È esattamente il profilo di cui Modena ha bisogno nel 2029.
Il precedente che il PD ha già creato
C'è un argomento che dovrebbe togliere ogni alibi al centrodestra modenese. Il PD — partito di governo di questa città da ottant'anni, con una tradizione di candidature interne ferrea quanto il suo radicamento — ha avuto per la prima volta il 'coraggio politico' di candidare a sindaco una persona senza la tessera del partito. Lo ha fatto per risolvere l'affollamento di candidati interni, certo, ma lo ha fatto. E quella scelta — comunque la si giudichi nel merito — ha stabilito un precedente importante: anche a sinistra si è capito che per governare una città complessa come Modena, in un momento difficile, può servire qualcuno che sia più grande del partito
Se il PD ha trovato questo coraggio, a maggior ragione il centrodestra — che non governa Modena da ottant'anni e che ha quindi tutto da guadagnare e poco da perdere — dovrebbe essere non solo disponibile, ma entusiasta all'idea di avere un Cavaliere Bianco di quel calibro. Un candidato collaudato, con un track record amministrativo eccezionale, capace di parlare oltre i propri elettori naturali e di intercettare quella vasta area di modenesi stanchi che non si riconoscono né nell'uno né nell'altro campo.

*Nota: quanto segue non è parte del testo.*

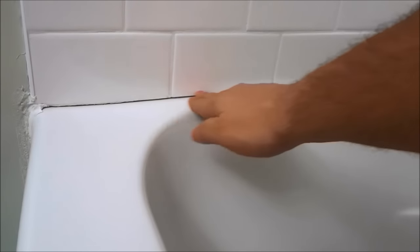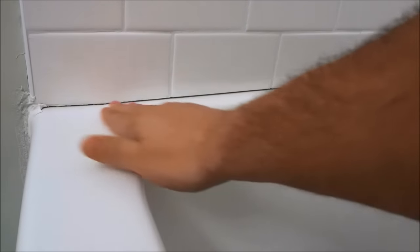This is the key step: you have to ensure the area is completely smooth and clean. You should feel no bumps at all when you rub your finger along the tile or bathtub — it should feel really smooth, and that's when you'll know you're ready to move on. Now that the surface is completely clean, smooth, and absolutely dry, I can run my fingers along to verify, and I'm ready to apply the caulking.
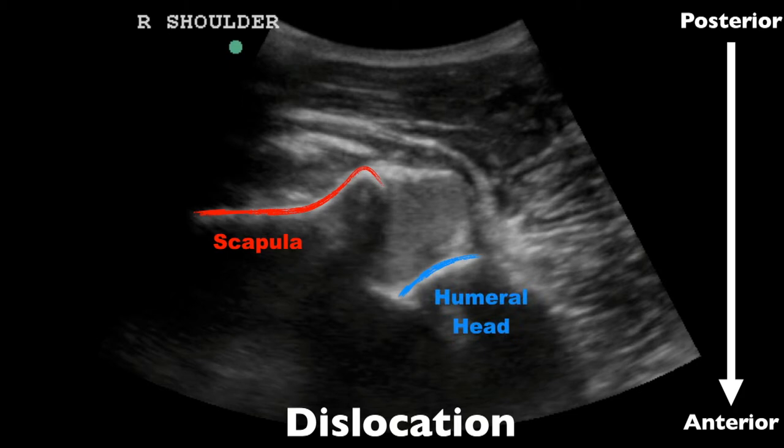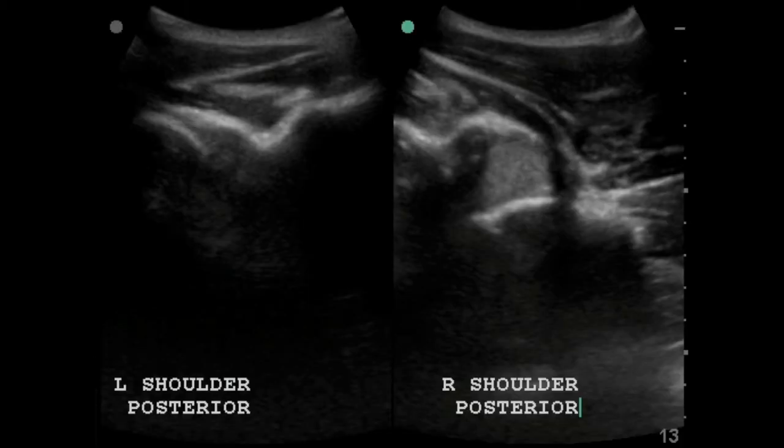If you notice, they're not up next to each other like we've seen in the other examples. Because this is posterior and this is anterior, this is an anterior dislocation of the humeral head. If it were posterior, it would come closer to us. This white area that we see here is a hemarthrosis.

Accantonare l'amor proprio
Lo dico senza piacere di critica, ma con la franchezza che il momento richiede. Vincere a Modena nel 2029 — e sarebbe una vittoria Storica, con la S maiuscola — richiede un candidato che non sia percepito come l'espressione di questo o quel calcolo di corrente, che non paghi il prezzo dei personalismi interni, che parli ai modenesi come amministratore prima che come politico di parte. Fabbri è partito dalla Lega, ma oggi brilla di luce propria. Questo non è un limite: è esattamente il punto di forza.
Il centrodestra modenese lo capisca per tempo, accantonando l'amor proprio e i risibili calcoli di visibilità personale che troppo spesso hanno frenato la costruzione di un'alternativa credibile.